[Opening Supplied records section]

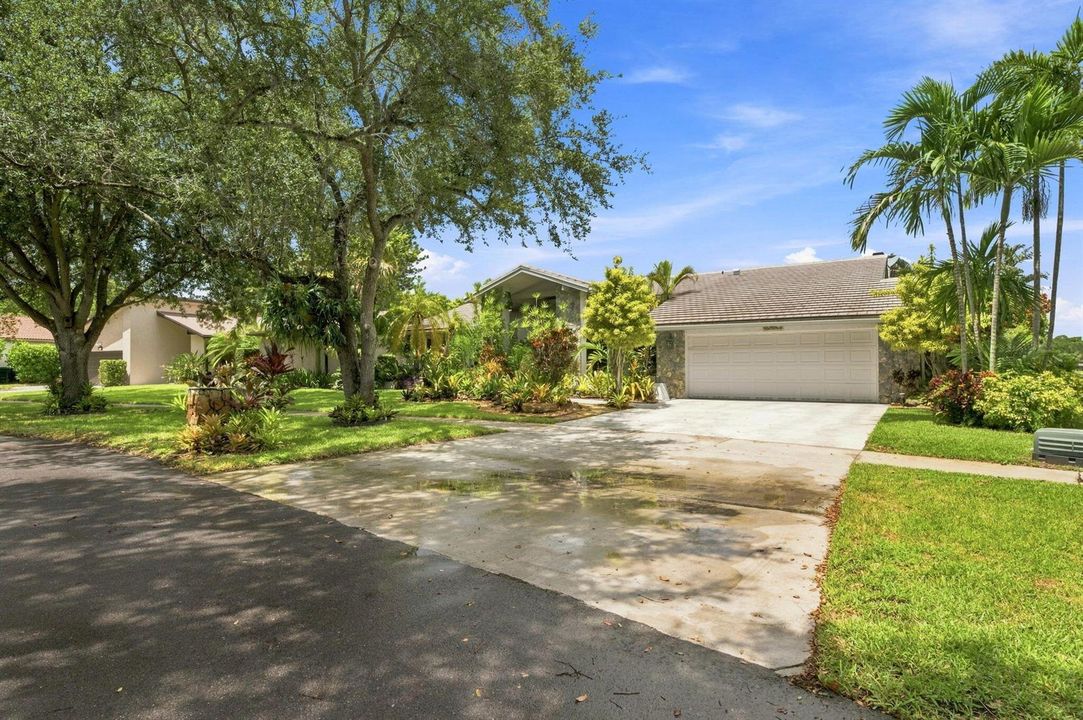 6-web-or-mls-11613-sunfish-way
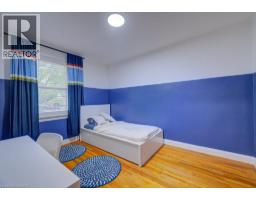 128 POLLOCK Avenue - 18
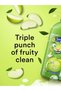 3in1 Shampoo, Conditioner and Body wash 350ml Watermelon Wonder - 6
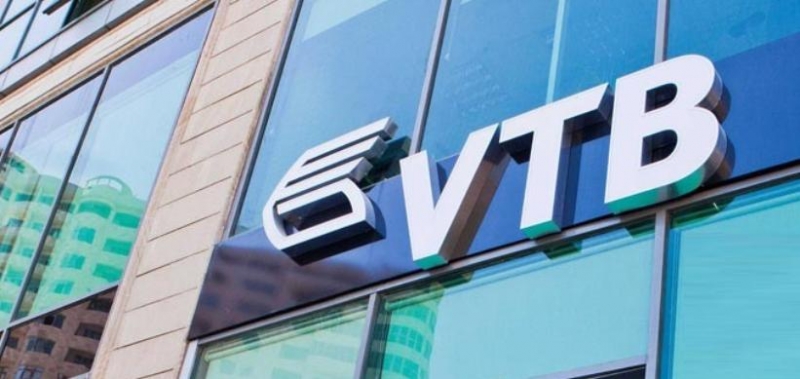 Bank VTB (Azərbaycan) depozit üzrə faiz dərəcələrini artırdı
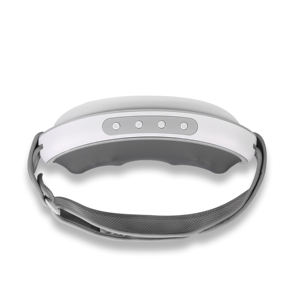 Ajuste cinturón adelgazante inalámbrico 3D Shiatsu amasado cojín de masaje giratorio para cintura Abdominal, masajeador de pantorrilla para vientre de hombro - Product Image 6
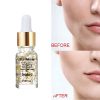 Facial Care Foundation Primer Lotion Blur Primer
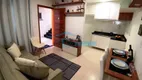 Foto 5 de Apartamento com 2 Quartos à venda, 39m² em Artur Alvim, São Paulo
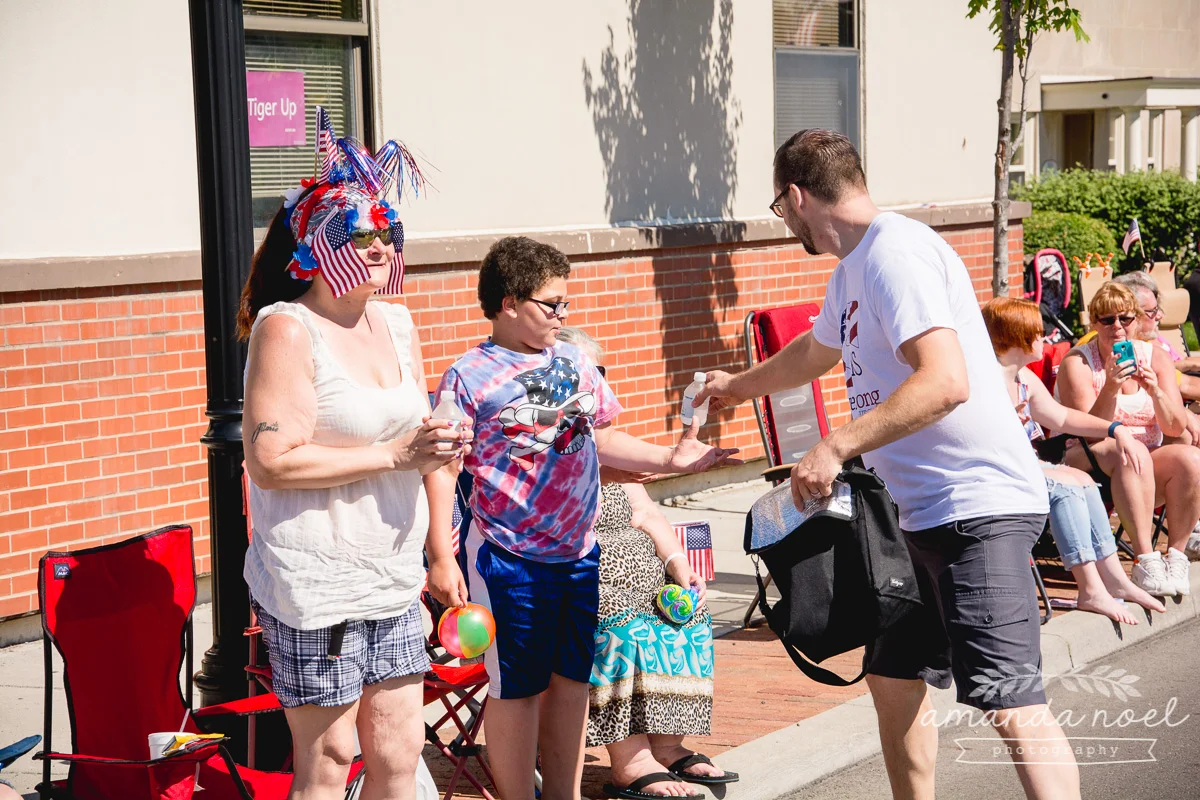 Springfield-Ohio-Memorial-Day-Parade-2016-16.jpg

[Closing Supplied records section]
[Opening Supplied records section]

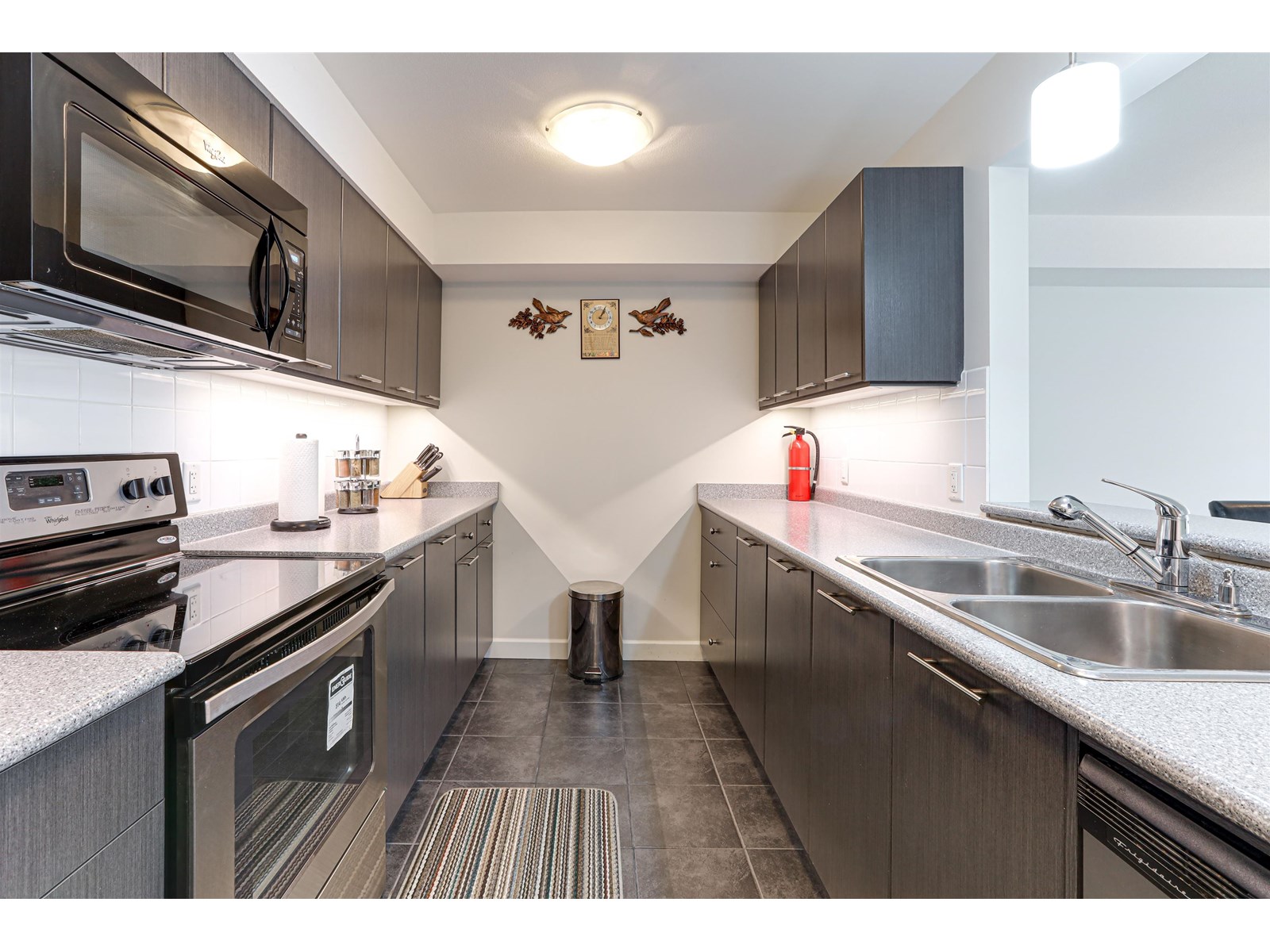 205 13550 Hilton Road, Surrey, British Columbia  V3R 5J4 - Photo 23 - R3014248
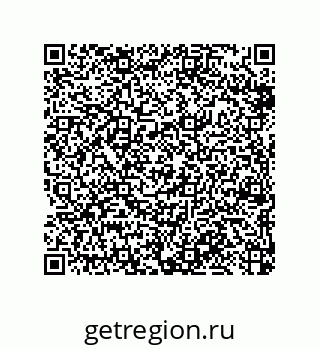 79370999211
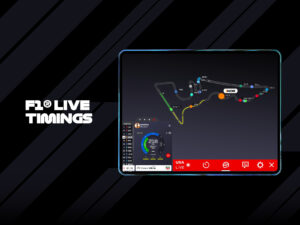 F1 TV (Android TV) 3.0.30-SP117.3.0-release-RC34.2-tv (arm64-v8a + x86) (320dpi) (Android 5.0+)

[Closing Supplied records section]

## [Work instructions]
Print exactly the lines above that run from the one with "3in1 Shampoo, Conditioner" to the one with "Ajuste cinturón adelgazante", both included. No pictures.

## [Solution to this problem]
 3in1 Shampoo, Conditioner and Body wash 350ml Watermelon Wonder - 6
 Bank VTB (Azərbaycan) depozit üzrə faiz dərəcələrini artırdı
 Ajuste cinturón adelgazante inalámbrico 3D Shiatsu amasado cojín de masaje giratorio para cintura Abdominal, masajeador de pantorrilla para vientre de hombro - Product Image 6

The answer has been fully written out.